For Smart, acting on that lesson means raising her voice as an advocate for children, something she has done with her newly created foundation, the Elizabeth Smart Foundation, and with her new role, confirmed today on "GMA," as a contributor for ABC News.

"I am thrilled to be working with ABC," Smart said today. "I think there's a real power in partnering up. I really believe we can do some good together."

A Unique Perspective

Smart was just 14 years old when she was kidnapped at knifepoint from her bedroom as her then 9-year-old sister, Mary Katherine, watched from her own bed, and the sisters' four siblings and parents, Ed and Lois Smart, slept nearby.

Smart's disappearance in 2002 both unnerved and united the nation as people everywhere sent their prayers and support, and the national media closely followed every step in the search to find her.

Her captor was Brian David Mitchell, a homeless, Salt Lake City street preacher who, along with his companion, Wanda Barzee, held Smart captive, both psychologically and physically, for nine months before she was found alive March 12, 2003, by alert passers-by in a Salt Lake City suburb less than 18 miles from her home.

This May, with the help of Smart's emotionally grueling testimony, Mitchell was sentenced to life in prison.

Smart bravely addressed her former captor face-to-face in a packed Salt Lake City courtroom just moments before he received his life sentence, telling Mitchell that "one day he will have to be held responsible for his actions," and that she has a "wonderful life now."

Vocal Advocate

For Smart, having a "wonderful life" means using her voice and visibility to be an advocate for protecting children from abuse and abduction.

She has been a visible presence on Capitol Hill lobbying for funding and children's rights issues, something she told "GMA" will continue to be a top priority.
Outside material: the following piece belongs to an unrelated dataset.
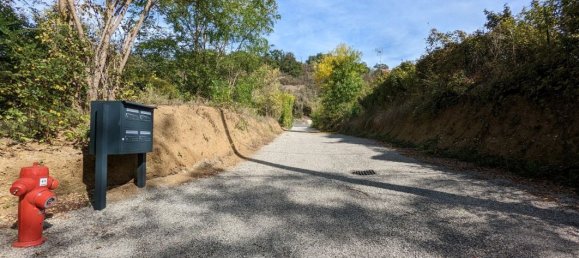  Land in Haute-Garonne, France No. 284847 3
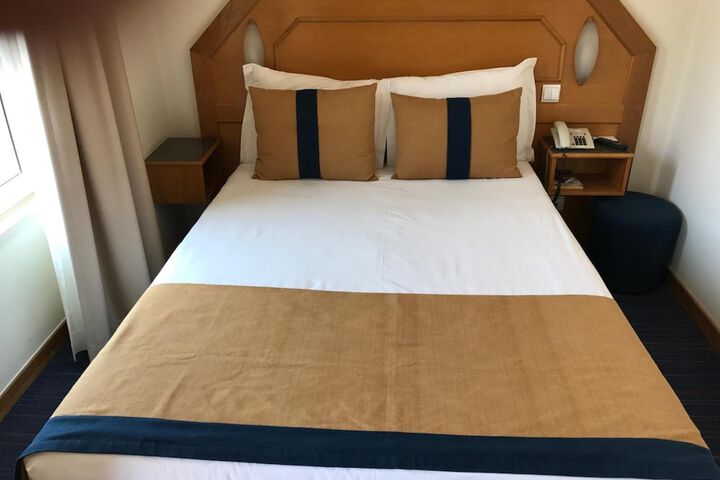 Room 11 of 48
"One of the issues I would really like to address today is right now in Washington there is so much talk of funding and cutting funding," she said. "It is so essential we not cut any funding related to children."She and her family also established the Elizabeth Smart Foundation this year as a platform to use their experiences over the past nine years to focus on protecting children from falling victim to kidnapping and sexual crimes.

One centerpiece of the foundation is a child empowerment program called RAD (Resisting Aggression Defensively) Kids that aims to teach children the skills that will empower them to fight off potential kidnappers and abusers.

Another main objective, Smart told "GMA," is to use her visibility to promote the "Internet Crimes Against Children Task Force," a multi-jurisdictional group helps state and local law enforcement agencies respond to cybercrimes against kids.

"The Foundation is really helping to push and support the Internet Task Force as much as possible," she said. "It's really something we just can't afford to cut."